Adrienne’s world is falling apart. It isn’t just that she suspects her husband Antoine of planning to leave her. Reality itself seems to be fraying; she sees things — elk wandering through city crowds, owls lurking at her window — that nobody around her appears to see. Even the seasons themselves are not constant.

A chapter later and Adrienne is now Adrian, and the unfaithful Antoine has been replaced by a terminally ill Antoine. Desperate for solace, it’s Adrian who has a lover on the side. This does not indicate any desire on Adrian’s part to leave Antoine; it’s always Antoine who is leaving, whether by his own choice, or because of impending death.

The reality shifts continue. Adri[enne/ian]‘s gender proves fluid, as does the exact nature of the relationship to Antoine — lovers, siblings, parent and child— and time itself begins to shift forward but regardless of the reality around them the pair are always connected and always, it seems, threatened.

Unfortunately for the pair, the one consistent element in their mutable world is the direction of change in the world around them, which is degrading from unsatisfactory (with rumours of war) to bad to apocalyptic to post-apocalyptic to worse. The atmosphere has been seeded with agents that transform those unlucky enough not to find refuge deep beneath the surface. Every day, the contamination seeps deeper into the subterranean refuges.

~oOo~

The odd thing about reading this is that having first heard of this through online reviews I was expecting a work a lot more opaque than the one I got. Brissett, I thought, makes it perfectly clear, almost on the first page, why reality is shifting as it does. Why …. how to avoid spoilers here …. matters would happen in this way is perhaps unclear (although it is eventually explained) but what’s going on is obvious. Isn’t it?

It’s not that the author’s work is clichéd; it may be that excessive exposure to SF on my part has made it too easy for me to fill in the dots where genre fiction is concerned.
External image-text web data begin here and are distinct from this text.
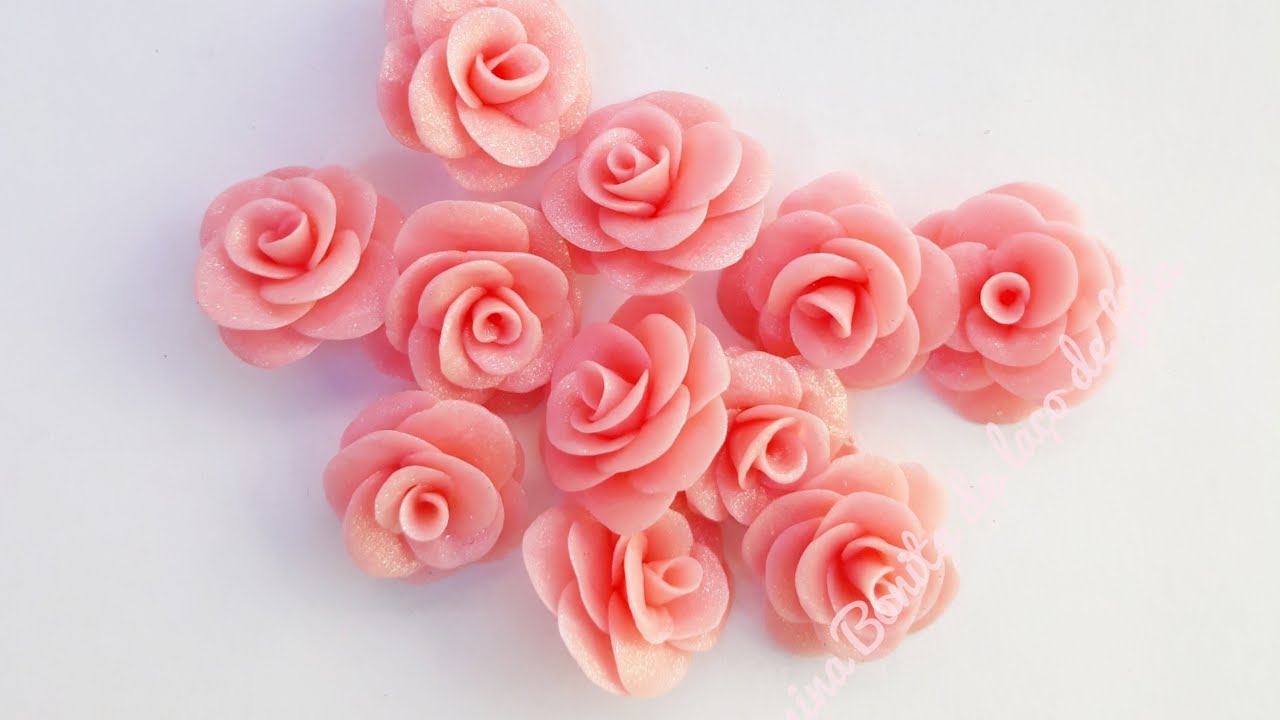 Artesanato com biscuit: como fazer flores minúsculas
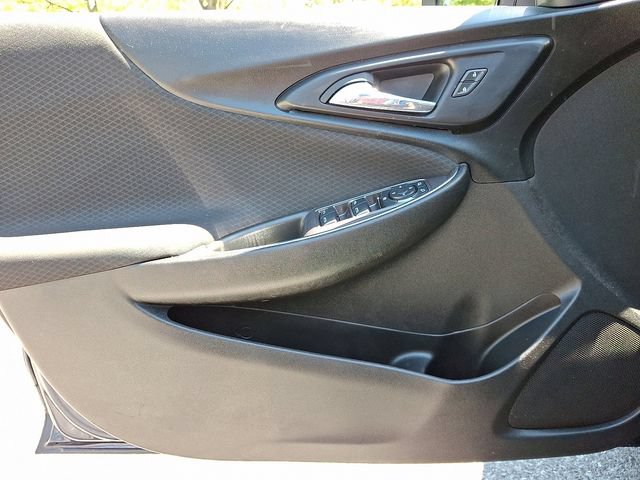 Used 2022 Chevrolet Malibu LT FWD image 12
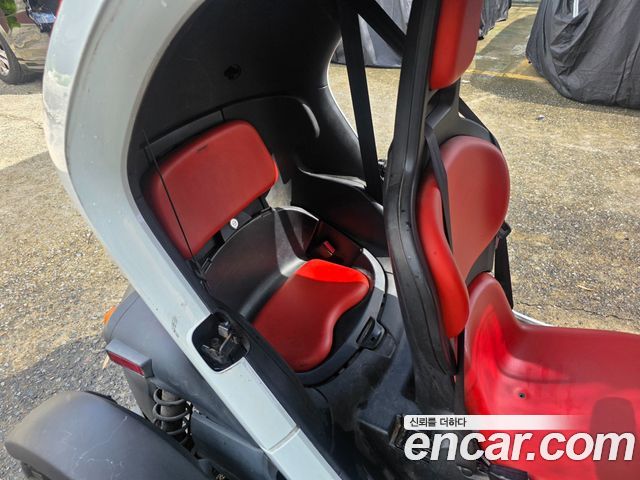 Renault Korea Twizy Intens(2-seater) 2018 — фото 17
Brissett’s individual scenes are sharp and clear, as is her prose. I will admit that since what was going on was obvious to me, waiting for the author to reach the point where she felt the need to unify the narrative did drag … but only a bit. The individual scenes were nicely done.

At the risk of being spoilery, this book belongs to the grand tradition of showing what colonization feels like from the point of view of the colonized1. It sucks to be sitting on valuable real estate that more powerful cultures covet. This is an SF trope that goes back at least as far as War of the Worlds, and probably further; it’s still a rich source of inspiration.

Some authors have been tempted to provide the human protagonists of such dispiriting novels (or stories) with some last-minute out, some contrived weakness on the part of the invader, a sudden crisis of conscience, a poorly-foreshadowed wonder weapon. Brissett is exploring territory much closer to fiction like Disch’s The Genocides, and in very distant way, Russ’s We Who Are About To. This book is closer to historical accounts like The Diary of Ann Frank than it is to comforting pablum like Turtledove’s Worldwar series or Weber’s Out of the Dark. There is some consolation at the end but it’s of a thin, bitter kind.

Elysium, Or, the World After is available from Aqueduct Press.

1: There is, of course, also a tradition of fiction glorifying the process of colonization, curiously almost always told from the point of view of the colonizer.